For many, maybe even most, such moments are, well … interesting – pleasurable mysteries, nice interludes from the sheer in-your-faceness of the material world. (But, again, not exclusively so: Henry James’s dad was famously blindsided by an “insane and abject terror” – “a vastation” – while staring into a fireplace in May, 1844.) Some might even deign to call them spiritual, but not get much more descriptive than that. The moment proves fleeting. The phone buzzes. Your kids wonder if you can drive them to Dairy Queen.

Paul Gauguin, Christ in the Garden of Olives, 1889, oil on canvas, 73 x 93 cm (Norton Museum of Art, gift of Elizabeth C. Norton Reproductions)

For others, though, the experience is nothing less than an epiphany – an intuition or infusion of the divine in the universe and an unignorable, life-changing prod both to explore that intuition and to manifest it somehow in one’s being and the world.

Eleven years ago, Katharine Lochnan had just such a “powerful sense” of this “divine immanence and transcendence,” as she puts it, while searching and researching her Celtic roots in Ireland.

It happened on a September’s day as the veteran Art Gallery of Ontario curator stared at the Burren, the famous limestone karst landscape in County Clare.
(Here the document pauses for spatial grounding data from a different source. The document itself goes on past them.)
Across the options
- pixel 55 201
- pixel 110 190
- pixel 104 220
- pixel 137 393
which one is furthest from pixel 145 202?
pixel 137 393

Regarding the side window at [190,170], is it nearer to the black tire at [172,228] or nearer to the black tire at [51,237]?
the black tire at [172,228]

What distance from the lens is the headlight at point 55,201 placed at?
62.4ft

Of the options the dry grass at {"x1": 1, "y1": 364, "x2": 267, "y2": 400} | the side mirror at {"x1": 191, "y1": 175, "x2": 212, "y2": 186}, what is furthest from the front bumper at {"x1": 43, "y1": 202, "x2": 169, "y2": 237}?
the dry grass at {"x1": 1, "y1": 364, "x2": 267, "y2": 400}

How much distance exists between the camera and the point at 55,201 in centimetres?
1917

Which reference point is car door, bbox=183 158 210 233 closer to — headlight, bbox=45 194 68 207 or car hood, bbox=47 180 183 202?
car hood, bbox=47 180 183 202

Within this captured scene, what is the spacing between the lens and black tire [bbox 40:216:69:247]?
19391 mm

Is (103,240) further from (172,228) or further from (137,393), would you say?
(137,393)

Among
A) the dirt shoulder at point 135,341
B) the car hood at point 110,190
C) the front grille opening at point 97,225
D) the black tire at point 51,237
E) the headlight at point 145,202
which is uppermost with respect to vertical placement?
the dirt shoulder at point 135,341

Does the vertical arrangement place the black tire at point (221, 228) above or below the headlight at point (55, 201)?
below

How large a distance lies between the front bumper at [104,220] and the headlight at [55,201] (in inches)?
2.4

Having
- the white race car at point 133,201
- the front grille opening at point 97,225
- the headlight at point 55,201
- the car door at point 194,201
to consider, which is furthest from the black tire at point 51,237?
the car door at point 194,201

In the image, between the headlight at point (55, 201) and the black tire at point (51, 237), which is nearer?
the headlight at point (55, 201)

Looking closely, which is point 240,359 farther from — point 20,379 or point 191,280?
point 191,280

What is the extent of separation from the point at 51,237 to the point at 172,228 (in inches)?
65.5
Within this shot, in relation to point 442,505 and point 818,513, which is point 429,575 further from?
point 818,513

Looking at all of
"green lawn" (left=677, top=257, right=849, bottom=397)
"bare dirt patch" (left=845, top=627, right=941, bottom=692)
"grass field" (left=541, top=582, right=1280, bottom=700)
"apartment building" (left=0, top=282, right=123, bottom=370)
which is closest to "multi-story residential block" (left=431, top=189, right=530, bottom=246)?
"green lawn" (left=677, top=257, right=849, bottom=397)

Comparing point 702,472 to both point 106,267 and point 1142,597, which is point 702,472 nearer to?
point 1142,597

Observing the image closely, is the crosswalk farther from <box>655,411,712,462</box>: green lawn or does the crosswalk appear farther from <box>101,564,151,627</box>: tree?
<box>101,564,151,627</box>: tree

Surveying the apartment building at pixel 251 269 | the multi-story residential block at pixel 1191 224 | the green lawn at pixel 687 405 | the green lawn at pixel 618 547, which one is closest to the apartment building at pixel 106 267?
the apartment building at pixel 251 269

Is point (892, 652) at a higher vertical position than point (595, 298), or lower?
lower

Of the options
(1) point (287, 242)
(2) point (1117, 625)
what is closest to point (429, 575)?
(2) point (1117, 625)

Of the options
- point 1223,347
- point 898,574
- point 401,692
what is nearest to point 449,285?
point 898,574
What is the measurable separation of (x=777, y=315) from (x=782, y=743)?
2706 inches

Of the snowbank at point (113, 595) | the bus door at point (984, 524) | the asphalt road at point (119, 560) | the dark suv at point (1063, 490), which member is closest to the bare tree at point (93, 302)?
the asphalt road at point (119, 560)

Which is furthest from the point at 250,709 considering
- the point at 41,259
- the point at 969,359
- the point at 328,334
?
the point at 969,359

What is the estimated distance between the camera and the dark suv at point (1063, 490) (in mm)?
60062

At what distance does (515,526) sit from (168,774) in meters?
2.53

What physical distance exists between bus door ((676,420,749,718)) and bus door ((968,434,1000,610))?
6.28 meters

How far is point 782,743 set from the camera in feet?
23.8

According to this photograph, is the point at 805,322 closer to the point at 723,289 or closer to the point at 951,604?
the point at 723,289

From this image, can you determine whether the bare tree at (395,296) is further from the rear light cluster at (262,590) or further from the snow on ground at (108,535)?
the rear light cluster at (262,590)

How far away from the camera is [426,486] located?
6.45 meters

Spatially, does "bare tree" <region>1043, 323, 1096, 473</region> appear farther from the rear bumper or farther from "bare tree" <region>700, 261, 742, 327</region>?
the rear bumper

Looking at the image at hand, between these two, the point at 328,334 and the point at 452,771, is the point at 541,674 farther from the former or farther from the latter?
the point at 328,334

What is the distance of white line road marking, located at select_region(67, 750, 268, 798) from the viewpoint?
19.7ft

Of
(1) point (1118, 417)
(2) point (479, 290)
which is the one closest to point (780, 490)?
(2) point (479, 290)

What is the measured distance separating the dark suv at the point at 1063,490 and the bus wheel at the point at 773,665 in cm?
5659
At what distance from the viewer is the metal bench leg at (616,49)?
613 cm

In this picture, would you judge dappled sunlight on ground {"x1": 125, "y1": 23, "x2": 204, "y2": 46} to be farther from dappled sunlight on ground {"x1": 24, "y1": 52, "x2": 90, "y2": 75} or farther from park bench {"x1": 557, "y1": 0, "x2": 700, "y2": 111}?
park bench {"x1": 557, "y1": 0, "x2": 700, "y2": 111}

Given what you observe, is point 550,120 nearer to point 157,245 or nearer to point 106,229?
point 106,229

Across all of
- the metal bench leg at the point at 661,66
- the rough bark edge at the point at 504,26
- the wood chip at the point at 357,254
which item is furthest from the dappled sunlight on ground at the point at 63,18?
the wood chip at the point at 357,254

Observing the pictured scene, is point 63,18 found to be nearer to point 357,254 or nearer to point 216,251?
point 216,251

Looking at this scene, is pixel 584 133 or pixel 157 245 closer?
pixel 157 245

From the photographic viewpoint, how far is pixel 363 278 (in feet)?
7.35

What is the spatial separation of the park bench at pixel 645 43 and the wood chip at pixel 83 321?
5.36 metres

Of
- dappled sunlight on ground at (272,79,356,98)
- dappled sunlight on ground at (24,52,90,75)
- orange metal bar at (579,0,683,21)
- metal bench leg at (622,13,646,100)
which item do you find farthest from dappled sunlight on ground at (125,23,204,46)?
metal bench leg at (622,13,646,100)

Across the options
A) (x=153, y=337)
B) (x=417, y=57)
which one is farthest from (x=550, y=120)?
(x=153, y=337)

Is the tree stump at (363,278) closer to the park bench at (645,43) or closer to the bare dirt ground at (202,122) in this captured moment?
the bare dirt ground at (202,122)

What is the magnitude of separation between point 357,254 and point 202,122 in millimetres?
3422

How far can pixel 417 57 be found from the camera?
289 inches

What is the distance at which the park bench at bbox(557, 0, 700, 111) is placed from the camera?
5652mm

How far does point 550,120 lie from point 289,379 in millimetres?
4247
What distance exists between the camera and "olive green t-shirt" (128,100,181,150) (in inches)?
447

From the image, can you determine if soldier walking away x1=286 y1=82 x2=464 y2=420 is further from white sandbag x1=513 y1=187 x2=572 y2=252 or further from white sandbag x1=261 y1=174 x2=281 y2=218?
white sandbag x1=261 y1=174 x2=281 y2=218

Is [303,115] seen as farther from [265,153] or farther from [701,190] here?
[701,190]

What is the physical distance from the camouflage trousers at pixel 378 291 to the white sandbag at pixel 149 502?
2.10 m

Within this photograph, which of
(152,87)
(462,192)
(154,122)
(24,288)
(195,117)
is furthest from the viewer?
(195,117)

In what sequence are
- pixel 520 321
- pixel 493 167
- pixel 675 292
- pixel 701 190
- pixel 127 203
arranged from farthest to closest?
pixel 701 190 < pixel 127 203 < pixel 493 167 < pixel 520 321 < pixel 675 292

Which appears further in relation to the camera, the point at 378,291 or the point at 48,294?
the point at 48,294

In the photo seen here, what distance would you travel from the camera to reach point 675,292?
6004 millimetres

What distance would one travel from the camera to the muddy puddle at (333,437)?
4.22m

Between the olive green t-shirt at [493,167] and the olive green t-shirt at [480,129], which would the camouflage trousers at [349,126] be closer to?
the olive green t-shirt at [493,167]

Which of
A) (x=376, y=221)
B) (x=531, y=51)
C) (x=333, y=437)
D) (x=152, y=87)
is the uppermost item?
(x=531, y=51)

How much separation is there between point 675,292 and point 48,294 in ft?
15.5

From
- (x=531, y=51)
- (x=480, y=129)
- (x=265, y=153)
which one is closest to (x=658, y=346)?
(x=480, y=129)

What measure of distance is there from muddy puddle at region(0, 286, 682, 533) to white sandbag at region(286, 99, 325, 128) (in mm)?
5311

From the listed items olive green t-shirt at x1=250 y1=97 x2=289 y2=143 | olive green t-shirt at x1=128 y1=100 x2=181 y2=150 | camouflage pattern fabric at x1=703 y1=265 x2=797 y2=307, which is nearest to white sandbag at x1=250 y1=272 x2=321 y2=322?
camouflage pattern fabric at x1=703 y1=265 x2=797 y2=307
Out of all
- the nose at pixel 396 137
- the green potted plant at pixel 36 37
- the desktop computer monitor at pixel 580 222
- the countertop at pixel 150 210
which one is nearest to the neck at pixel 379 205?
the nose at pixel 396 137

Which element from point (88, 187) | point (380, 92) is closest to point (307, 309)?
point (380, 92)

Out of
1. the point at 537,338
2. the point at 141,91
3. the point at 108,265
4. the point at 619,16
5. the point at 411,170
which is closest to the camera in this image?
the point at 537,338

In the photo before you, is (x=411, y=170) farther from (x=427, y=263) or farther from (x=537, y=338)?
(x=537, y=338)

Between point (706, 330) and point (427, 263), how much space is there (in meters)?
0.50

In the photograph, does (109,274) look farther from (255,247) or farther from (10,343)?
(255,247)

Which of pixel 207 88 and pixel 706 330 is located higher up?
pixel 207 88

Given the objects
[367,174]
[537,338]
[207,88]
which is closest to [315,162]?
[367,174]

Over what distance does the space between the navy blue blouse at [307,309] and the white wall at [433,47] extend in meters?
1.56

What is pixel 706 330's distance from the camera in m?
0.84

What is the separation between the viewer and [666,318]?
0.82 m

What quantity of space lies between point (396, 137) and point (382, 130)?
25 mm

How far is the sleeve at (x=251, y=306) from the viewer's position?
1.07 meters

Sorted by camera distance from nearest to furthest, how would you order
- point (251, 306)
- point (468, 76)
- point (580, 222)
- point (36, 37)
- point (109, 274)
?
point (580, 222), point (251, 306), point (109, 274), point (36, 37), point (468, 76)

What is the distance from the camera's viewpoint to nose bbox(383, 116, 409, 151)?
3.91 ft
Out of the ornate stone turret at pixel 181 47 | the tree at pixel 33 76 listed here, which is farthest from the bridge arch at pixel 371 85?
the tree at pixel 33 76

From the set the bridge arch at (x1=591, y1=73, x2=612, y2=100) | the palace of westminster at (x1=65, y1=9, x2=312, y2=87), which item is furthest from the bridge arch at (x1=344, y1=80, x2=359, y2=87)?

Shaken and stirred, she returned home to enroll in classes in religion, spirituality and mysticism at Regis College at the Toronto School of Theology, University of Toronto. (She’s now just five courses short of a master’s degree in theological studies.) She also took painting lessons to help put the “mystical element” into a painting she was doing based on photos from the Ireland trip.

Vincent Van Gogh, The Starry Night over the Rhone at Arles, 1888, Oil on canvas, 73 x 92 cm, Collection of Musee d'Orsay (mage courtesy the Musee d'Orsay/Bridgeman Images)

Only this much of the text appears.